- [Work item]:
Repeat each record exactly. Any picture gets left out.

- [Material provided]:
#####

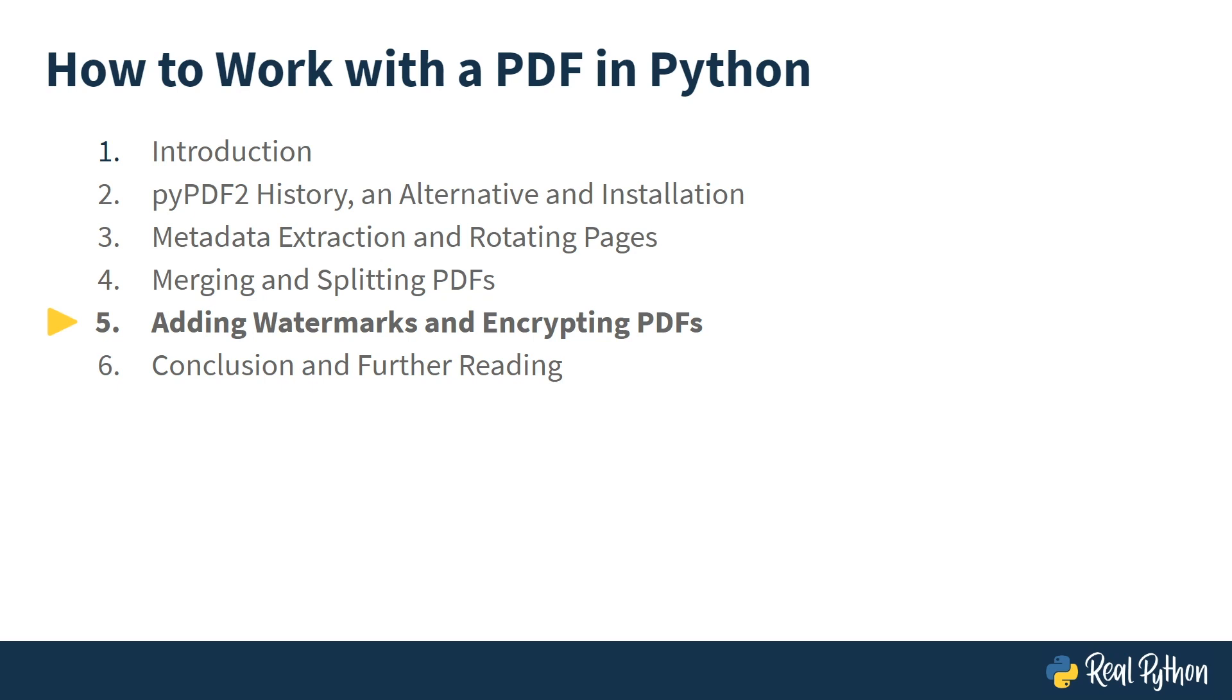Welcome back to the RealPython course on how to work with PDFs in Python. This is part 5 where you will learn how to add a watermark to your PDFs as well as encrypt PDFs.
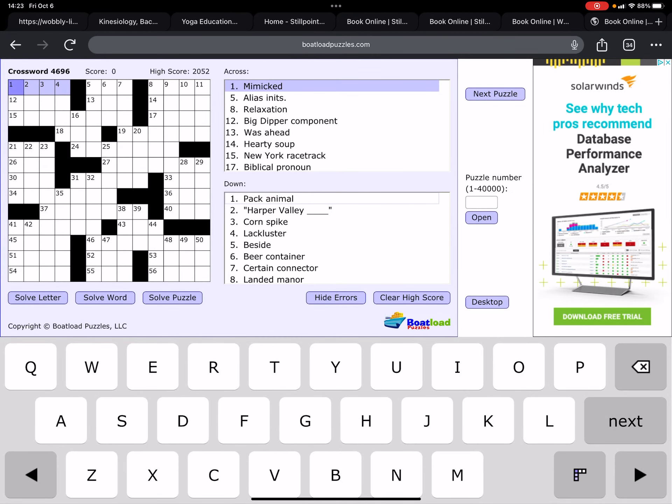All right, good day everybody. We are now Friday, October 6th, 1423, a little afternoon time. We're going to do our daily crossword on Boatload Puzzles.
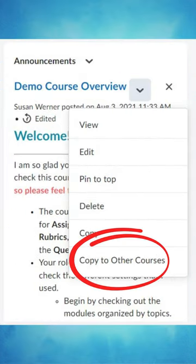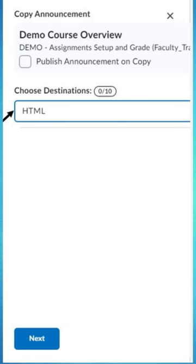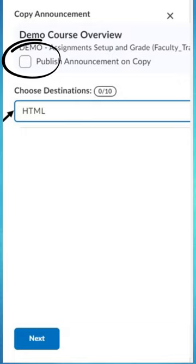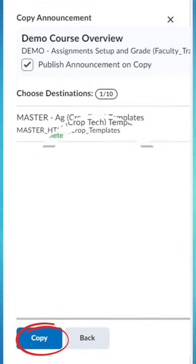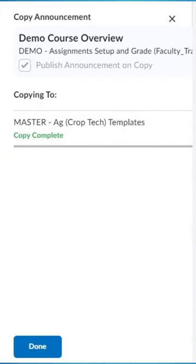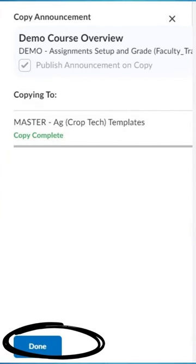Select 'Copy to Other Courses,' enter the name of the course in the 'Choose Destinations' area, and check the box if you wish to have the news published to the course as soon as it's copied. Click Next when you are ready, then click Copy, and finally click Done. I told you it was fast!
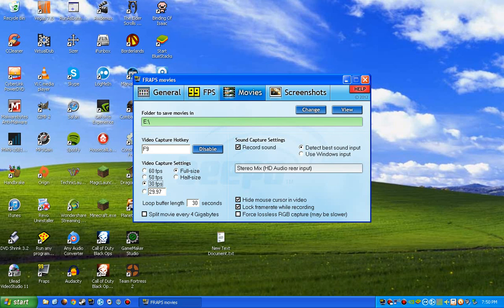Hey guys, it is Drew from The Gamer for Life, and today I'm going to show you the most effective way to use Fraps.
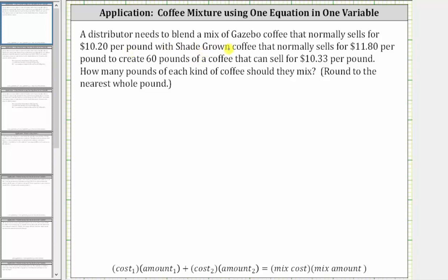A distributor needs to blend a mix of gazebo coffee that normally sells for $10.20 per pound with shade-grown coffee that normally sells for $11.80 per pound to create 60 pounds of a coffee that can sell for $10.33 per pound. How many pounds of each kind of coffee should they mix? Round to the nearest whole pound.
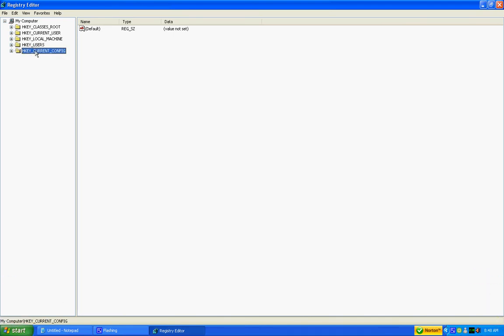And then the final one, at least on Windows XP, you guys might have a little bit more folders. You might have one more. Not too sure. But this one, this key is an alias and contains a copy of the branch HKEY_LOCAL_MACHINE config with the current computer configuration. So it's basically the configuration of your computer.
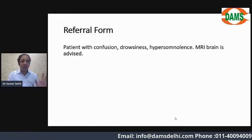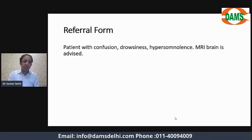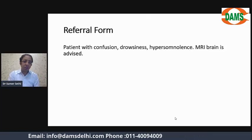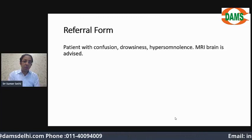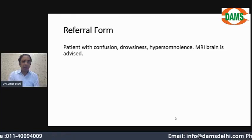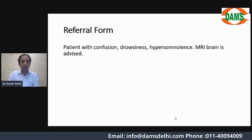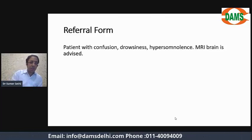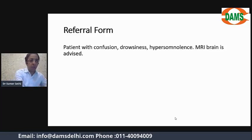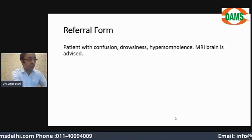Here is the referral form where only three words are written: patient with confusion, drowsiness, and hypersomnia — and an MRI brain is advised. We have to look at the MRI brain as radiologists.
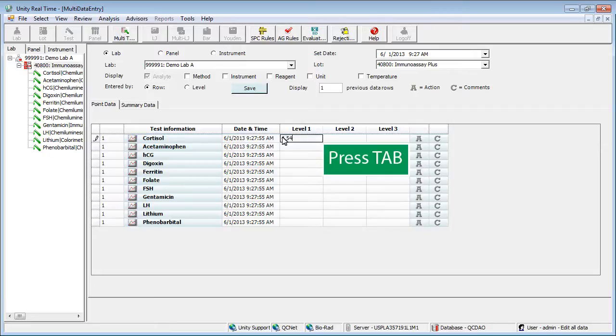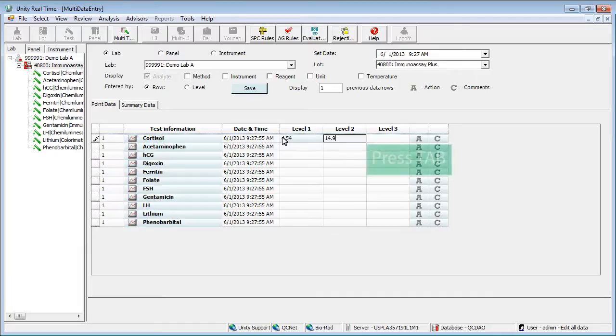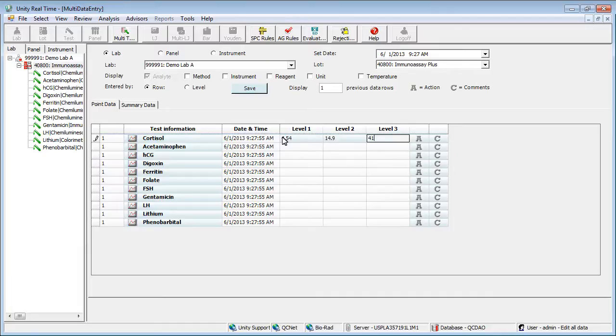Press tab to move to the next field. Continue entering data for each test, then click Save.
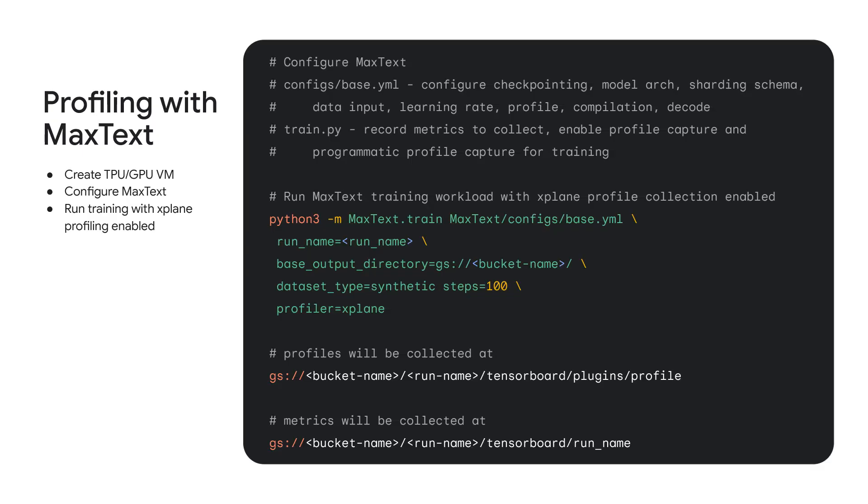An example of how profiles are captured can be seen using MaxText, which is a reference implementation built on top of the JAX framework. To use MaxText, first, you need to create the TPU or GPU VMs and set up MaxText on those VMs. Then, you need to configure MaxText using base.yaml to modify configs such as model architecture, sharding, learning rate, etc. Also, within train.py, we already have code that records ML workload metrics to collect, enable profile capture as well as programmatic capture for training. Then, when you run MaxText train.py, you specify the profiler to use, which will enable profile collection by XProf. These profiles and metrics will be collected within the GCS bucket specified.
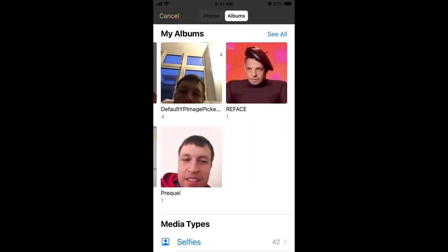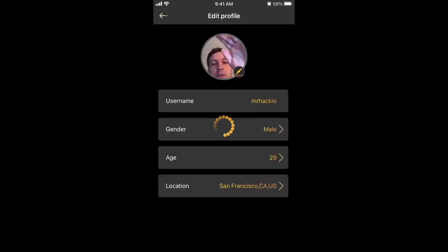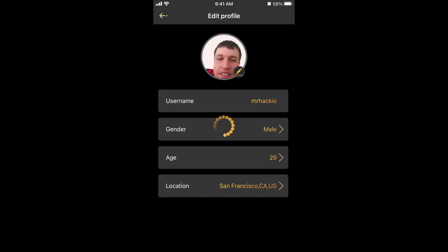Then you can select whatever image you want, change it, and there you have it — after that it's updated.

#####

- [Task output]:
Welcome back to the RealPython course on how to work with PDFs in Python. This is part 5 where you will learn how to add a watermark to your PDFs as well as encrypt PDFs.
All right, good day everybody. We are now Friday, October 6th, 1423, a little afternoon time. We're going to do our daily crossword on Boatload Puzzles.
Select 'Copy to Other Courses,' enter the name of the course in the 'Choose Destinations' area, and check the box if you wish to have the news published to the course as soon as it's copied. Click Next when you are ready, then click Copy, and finally click Done. I told you it was fast!
Hey guys, it is Drew from The Gamer for Life, and today I'm going to show you the most effective way to use Fraps.
A distributor needs to blend a mix of gazebo coffee that normally sells for $10.20 per pound with shade-grown coffee that normally sells for $11.80 per pound to create 60 pounds of a coffee that can sell for $10.33 per pound. How many pounds of each kind of coffee should they mix? Round to the nearest whole pound.
And then the final one, at least on Windows XP, you guys might have a little bit more folders. You might have one more. Not too sure. But this one, this key is an alias and contains a copy of the branch HKEY_LOCAL_MACHINE config with the current computer configuration. So it's basically the configuration of your computer.
Here is the referral form where only three words are written: patient with confusion, drowsiness, and hypersomnia — and an MRI brain is advised. We have to look at the MRI brain as radiologists.
Press tab to move to the next field. Continue entering data for each test, then click Save.
An example of how profiles are captured can be seen using MaxText, which is a reference implementation built on top of the JAX framework. To use MaxText, first, you need to create the TPU or GPU VMs and set up MaxText on those VMs. Then, you need to configure MaxText using base.yaml to modify configs such as model architecture, sharding, learning rate, etc. Also, within train.py, we already have code that records ML workload metrics to collect, enable profile capture as well as programmatic capture for training. Then, when you run MaxText train.py, you specify the profiler to use, which will enable profile collection by XProf. These profiles and metrics will be collected within the GCS bucket specified.
Then you can select whatever image you want, change it, and there you have it — after that it's updated.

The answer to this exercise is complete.